While rolling out the fix for handling source errors better, we did encounter another issue with our SaaS ClickHouse instance. See the new incident for details:

https://runrevealstatus.com/events/report/506

Monitoring

We've implemented a fix and are monitoring the rollout.

The root cause was not destinations as we had originally anticipated.

We determined the root cause to be related to how we parse individual S3 files in one particular source type (awsdns). Previously, we'd delegated all the error handling to individual sources. One file in one source was malformed and was causing an error to be bubbled up that shouldn't have been returned.

We now handle all parsing issues across all object storage buckets using the same logic. If there's an issue parsing a file in an object storage bucket, we record it and expose it through our source errors, but do not terminate the queue.

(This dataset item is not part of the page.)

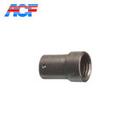 BUSE D50 20X33+ VIS ACF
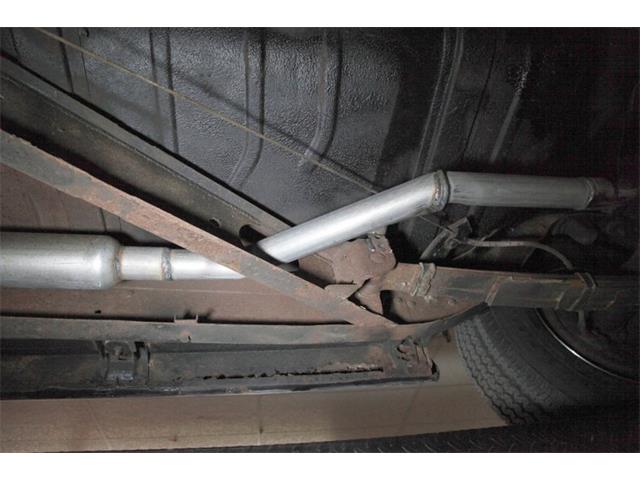 1951 Packard 200 (CC-1792194) for sale in Morgantown, Pennsylvania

This will give our customers the visibility they need without affecting the processing of other sources.

The impact was determined to be that some object sources may have seen a few number of duplicates as a result of the queues responsible for handling the malformed files terminating while processing other object files. No data was lost.

Identified

We've identified the issue and are implementing a fix.

Investigating

We're noticing some transient connectivity issues connecting to some destinations that is causing some batches to be retried and may result in duplicates being written to destinations.

We're investigating and will update this as soon as we've got more information.

No data has been lost.